> Data in this exercise
[Start of Attachment]

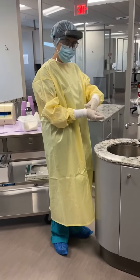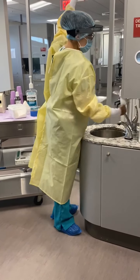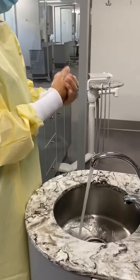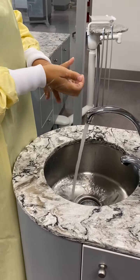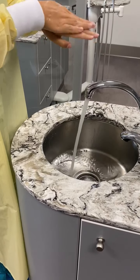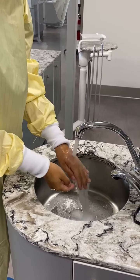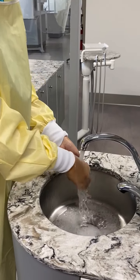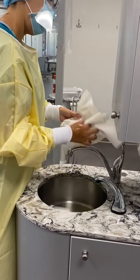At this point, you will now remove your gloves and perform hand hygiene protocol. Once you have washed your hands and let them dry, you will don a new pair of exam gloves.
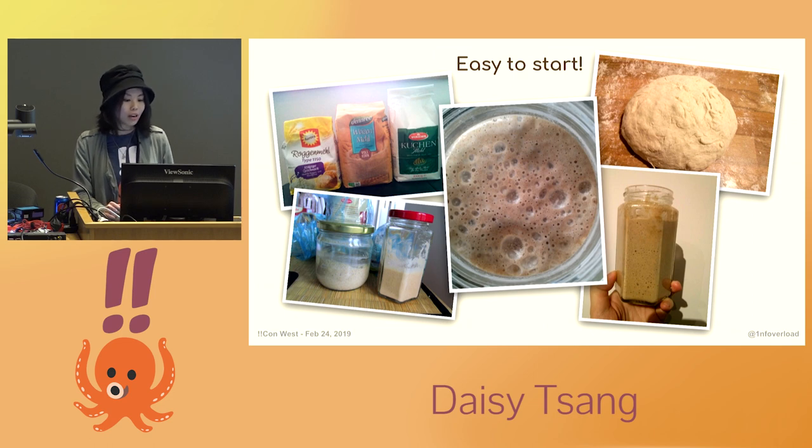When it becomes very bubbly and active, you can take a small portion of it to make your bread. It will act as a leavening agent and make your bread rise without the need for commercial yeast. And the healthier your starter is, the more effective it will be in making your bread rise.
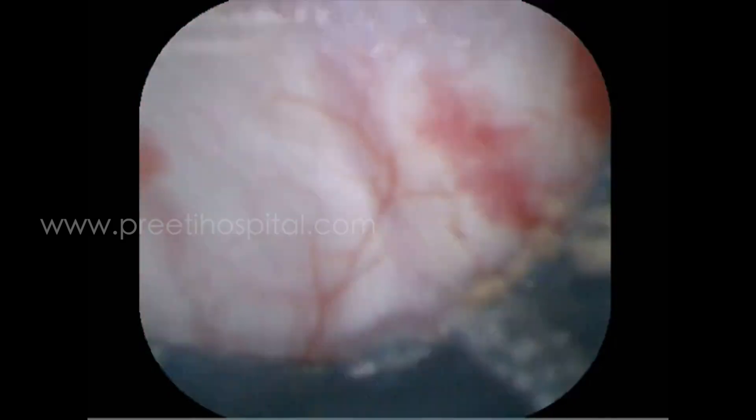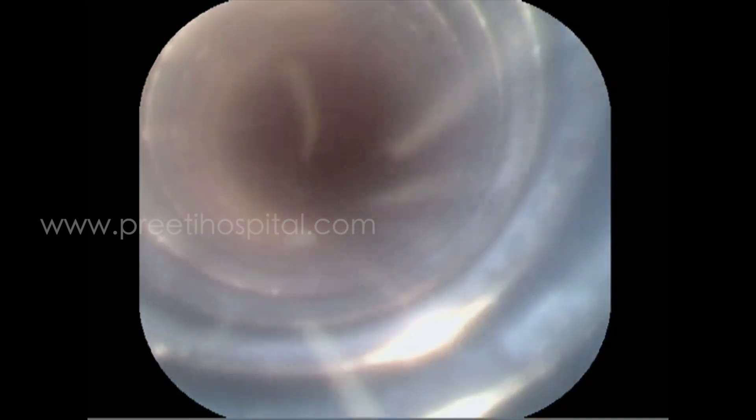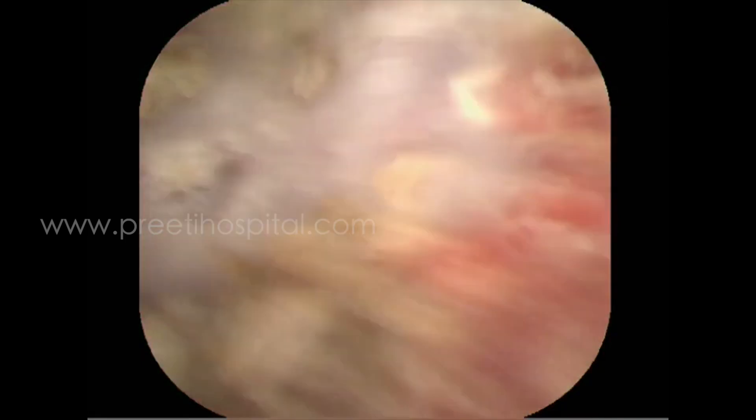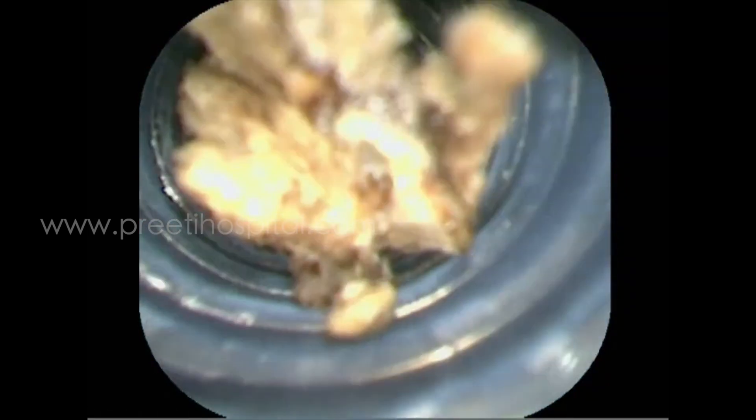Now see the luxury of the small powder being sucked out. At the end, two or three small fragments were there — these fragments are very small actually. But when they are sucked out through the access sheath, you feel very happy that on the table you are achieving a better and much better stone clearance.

[End of Attachment]
[Start of Attachment]

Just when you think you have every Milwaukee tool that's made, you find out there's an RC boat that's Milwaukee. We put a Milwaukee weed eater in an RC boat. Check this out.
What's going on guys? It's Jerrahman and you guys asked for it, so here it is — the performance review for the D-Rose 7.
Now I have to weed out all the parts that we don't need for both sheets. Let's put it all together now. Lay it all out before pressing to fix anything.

[End of Attachment]
[Start of Attachment]

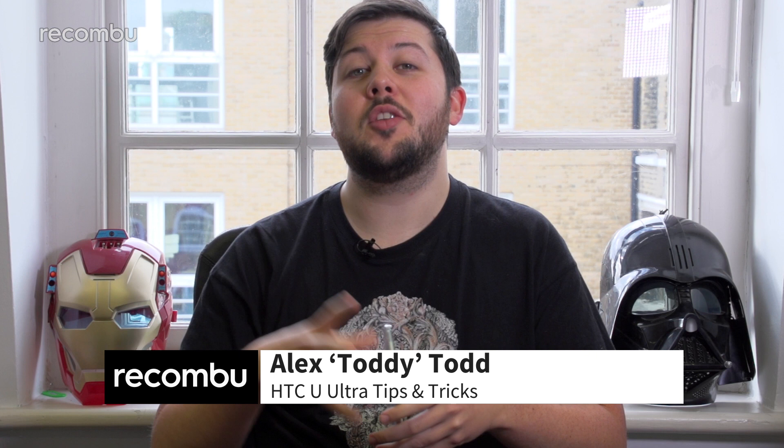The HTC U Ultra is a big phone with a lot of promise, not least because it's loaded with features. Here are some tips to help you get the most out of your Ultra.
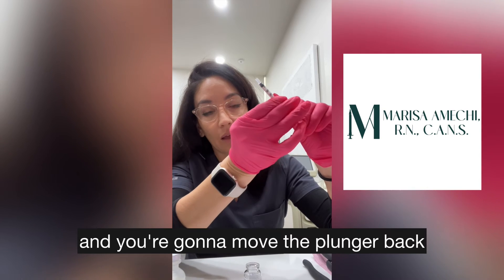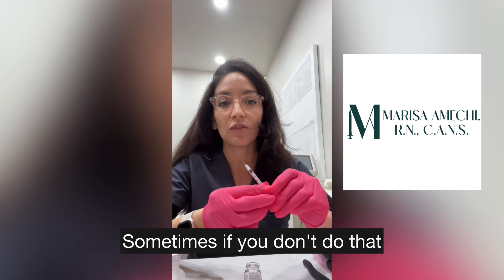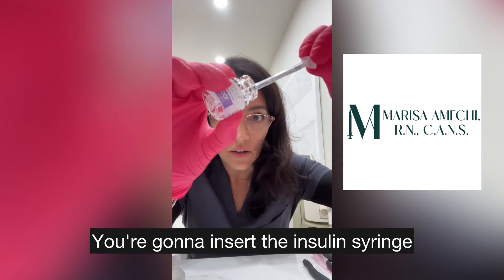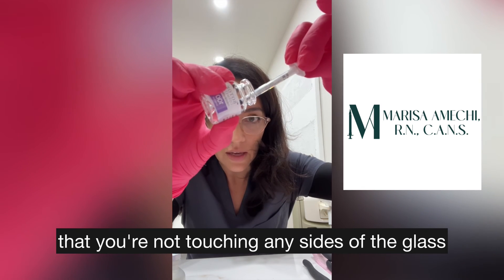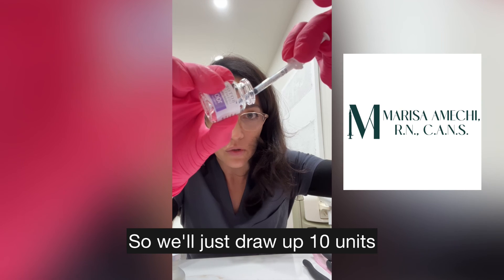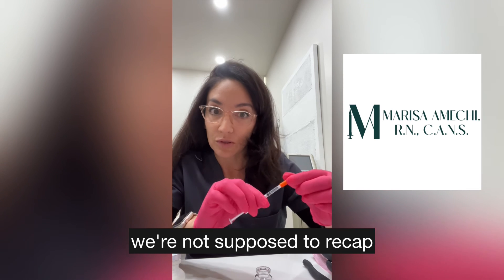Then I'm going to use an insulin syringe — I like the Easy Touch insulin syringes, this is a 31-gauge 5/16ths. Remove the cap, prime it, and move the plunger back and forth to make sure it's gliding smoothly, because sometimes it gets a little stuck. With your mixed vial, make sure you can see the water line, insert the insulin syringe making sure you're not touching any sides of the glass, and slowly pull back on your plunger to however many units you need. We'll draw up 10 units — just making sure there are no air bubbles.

[End of Attachment]

> What you need to do
Copy out exactly the lines above beginning with the line that contains "The HTC U Ultra" and finishing with the line that contains "Then I'm going", including both; leave the pictures out.

> Answer to this exercise
The HTC U Ultra is a big phone with a lot of promise, not least because it's loaded with features. Here are some tips to help you get the most out of your Ultra.
Then I'm going to use an insulin syringe — I like the Easy Touch insulin syringes, this is a 31-gauge 5/16ths. Remove the cap, prime it, and move the plunger back and forth to make sure it's gliding smoothly, because sometimes it gets a little stuck. With your mixed vial, make sure you can see the water line, insert the insulin syringe making sure you're not touching any sides of the glass, and slowly pull back on your plunger to however many units you need. We'll draw up 10 units — just making sure there are no air bubbles.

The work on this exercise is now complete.